- _REQUIREMENT_:
Starting from the line in which "湖北秭归九月红果冻爆汁脐橙现摘新鲜橙子果肉细腻化渣" appears, set down each line exactly through the end of the listing, and nothing else. Leave out pictures.

------ RECORD EXCERPTS

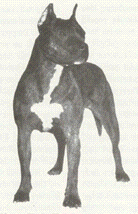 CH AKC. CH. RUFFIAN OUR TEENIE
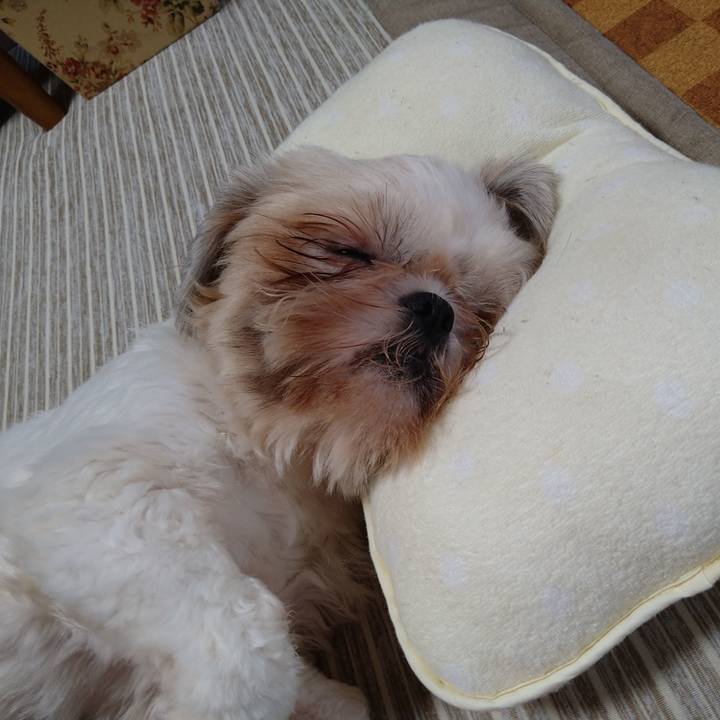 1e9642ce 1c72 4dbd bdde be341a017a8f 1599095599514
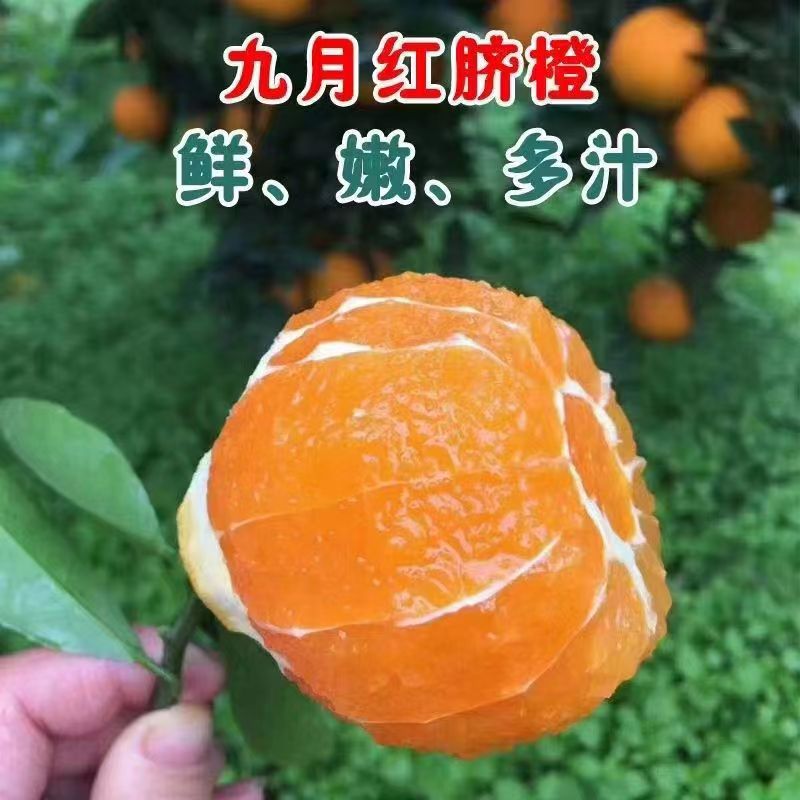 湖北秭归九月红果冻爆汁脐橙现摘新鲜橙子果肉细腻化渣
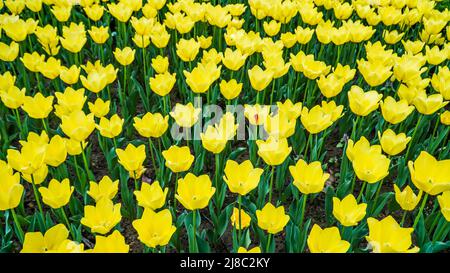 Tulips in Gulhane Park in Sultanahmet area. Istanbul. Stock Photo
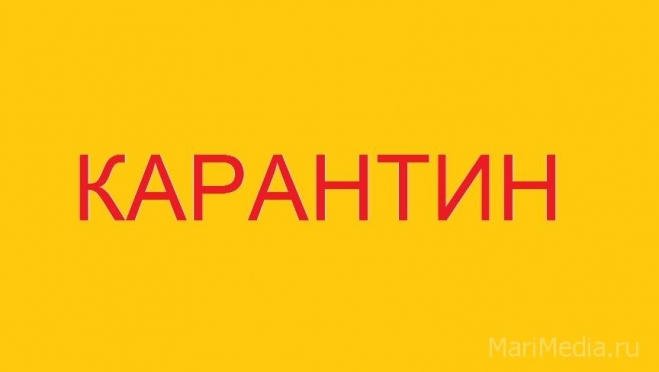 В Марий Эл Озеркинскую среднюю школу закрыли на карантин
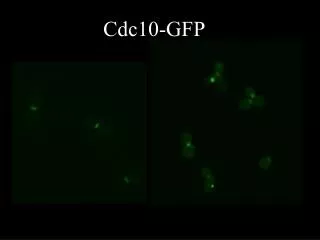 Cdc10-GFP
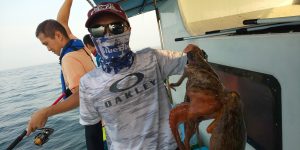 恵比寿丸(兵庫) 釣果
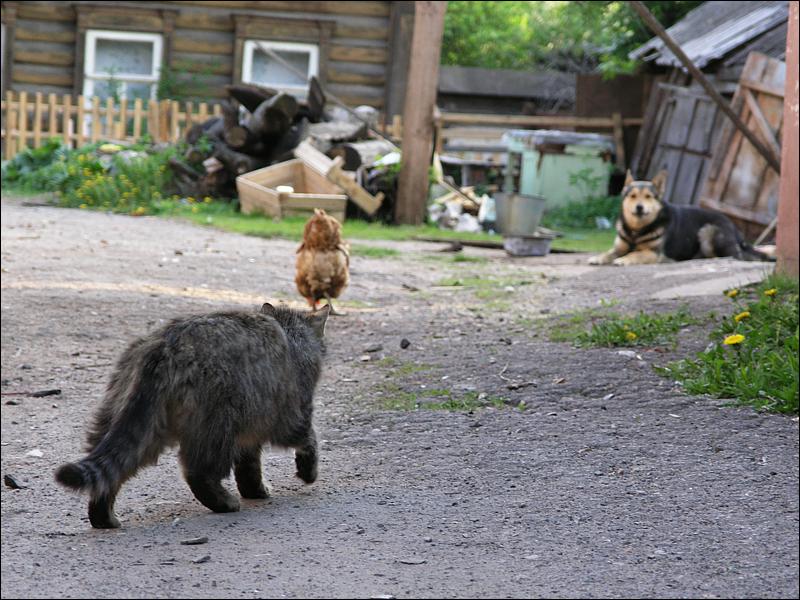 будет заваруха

------------

- _RESPONSE_:
 湖北秭归九月红果冻爆汁脐橙现摘新鲜橙子果肉细腻化渣
 Tulips in Gulhane Park in Sultanahmet area. Istanbul. Stock Photo
 В Марий Эл Озеркинскую среднюю школу закрыли на карантин
 Cdc10-GFP
 恵比寿丸(兵庫) 釣果
 будет заваруха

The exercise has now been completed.